Langsung ke konten utama

Bagaimana sejarah Korea Selatan bisa tumbuh sebaik sekarang?

Kepemimpinan Korea Selatan di Abad 20

Mendengar nama Korea Selatan, yang terlintas di benak kita pasti kebudayaan dan hiburan mereka. Entah Drama, K-Pop, ataupun sejarahnya,  Korea Selatan memang sangat menarik. 

Tapi, perlu diketahui bahwa hal-hal yang dilakukan untuk mendapat semua kemajuan itu tidaklah mudah. Korea Selatan sudah Jatuh-Bangun dalam mencapainya. 

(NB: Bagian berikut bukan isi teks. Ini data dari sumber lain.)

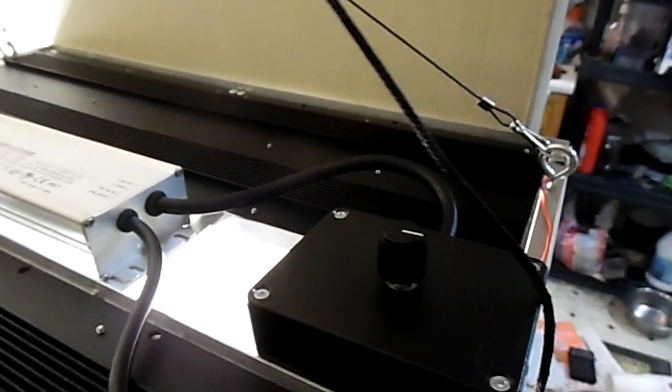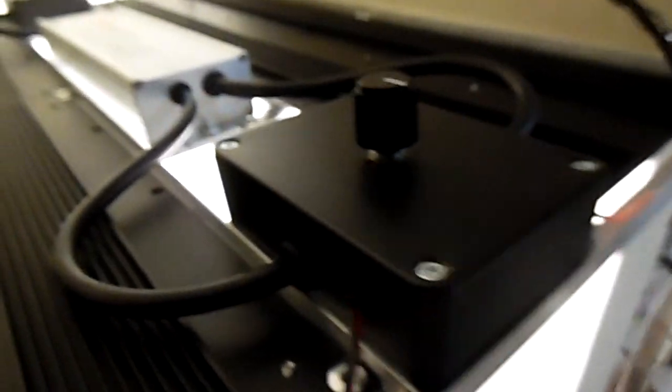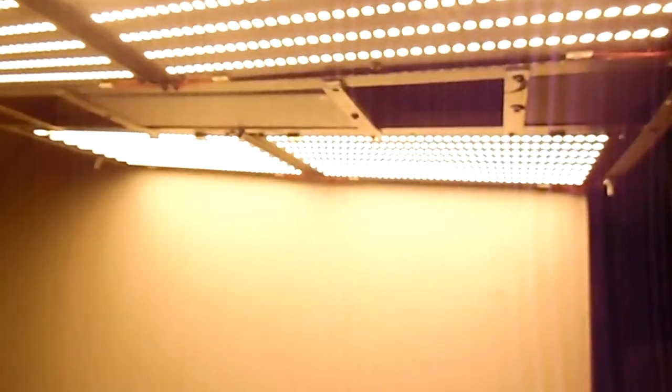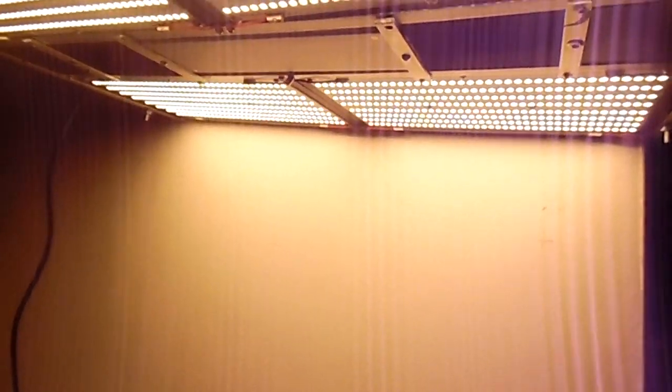And it is really bright. It really is. It's all the way turned down, and let me increase it all the way turned up.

Lantas bagaimana Sejarah kepemimpinan Korea Selatan di era Abad-20, yang pada akhirnya membawa pada kemajuan? 

Taegukgi    

Korea Selatan (ROK), merdeka pada tanggal 15 Agustus 1948. Sebelumnya, Korea Selatan diduduki oleh pasukan Sekutu (Amerika Serikat), sejak menyerahnya Jepang pada saat 14 Agustus 1945. Korea Selatan, merupakan sebuah negara yang terbentuk akibat permusuhan dua ideologi, yang membagi Korea menjadi dua negara berbeda, yang dipisahkan oleh Garis Pararel 38.

Era Sygman Rhee :
Presiden pertama Korea Selatan, bernama Sygman Rhee (1948–1960). Oleh karena itu, Rhee dikenal sebagai Bapak Negara dan Bapak Republik dari Korea Selatan. Dia dikenal sebagai seorang yang anti-komunis, terlebih pada pihak utara. Meskipun Rhee adalah Bapak Negara nya Korea Selatan, dia juga dikenal sebagai seorang diktator yang keji, akibat sikapnya yang anti-komunis garis keras. 

Syngman Rhee

Selama era Perang Korea, pihak di Utara sempat memukul mundur Selatan hingga ke wilayah Gyeongsan. Meski begitu Korea Selatan berhasil melawan balik dan membalikkan keadaan. Perang Korea sendiri membawa dampak yang sangat besar bagi keadaan sosial dan perekonomian Korea Selatan. Setidaknya ada 1 juta korban tewas dari pihak Korea Selatan, akibat Perang Korea. 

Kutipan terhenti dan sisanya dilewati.